Andy - I`ve only done the journey home so a bit difficult to tell. I`m aware that the shove in the back wont be as great but they aint to shabby and boy do they rev. The porsche silverstone experience looks great fun and IMHO would be in any car. I`d be interested to see your GTR up for sale after though


----------



## *MrB* (Dec 2, 2009)

Congrats on the purchase Chris :thumbsup:


----------



## CT17 (Mar 25, 2011)

Hope you enjoy the new toy.

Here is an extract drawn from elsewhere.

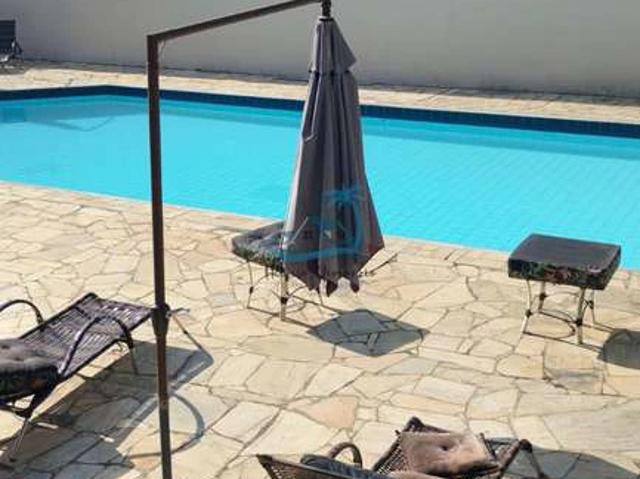 Apartamento venda em Ubatuba, Região Geográfica Intermediária de São José dos Campos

Looks nice.
I should probably like it as a car, but I think I just don't get the Porshce thing.

And I'll never understand such expensive cars leaving the handbrake on the wrong side when they convert over to LHD. Audi do the same on the TT-RS.
One of the things I like about the GT-R, it was built to be RHD first and foremost.

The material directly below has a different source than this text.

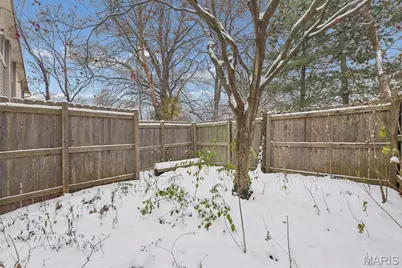 140 Burtonwood Drive, Ballwin, MO 63011 - Photo 19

I'm assuming it's a higher purchase price but lower running costs on a 911 like this?


----------



## Chris956 (Apr 11, 2010)

CT17 said:


> I'm assuming it's a higher purchase price but lower running costs on a 911 like this?


By a long shot . 1 service every 2 years for example.


----------



## CT17 (Mar 25, 2011)

Chris956 said:


> By a long shot . 1 service every 2 years for example.


That is good.
Got a shock when I just checked out the purchase prices though, and the depreciation from new makes the GT-R look bargain basement. Funny considering we hate losing 10k on a new GT-R in a year! :chuckle:

Looks like about £70k for a four year old one.

Like anything, it's positives and negatives.

But if that's what floats your boat I wish you the best to get out there and have fun with it. :thumbsup:


----------



## Verinder1984 (May 8, 2011)

Well done Chris.

I would consider a porsche if I was moving away from a GTR. Porsches are excellent to drive, and they grip so differently to other cars. I had a 2003 C2 before my gtr and the best way to drive that was slow in fastout. You'll be surprised how early in the corner you can start accelerating - its like no other car. The lightness of the front end kept you guessing at what speed to enter corners! 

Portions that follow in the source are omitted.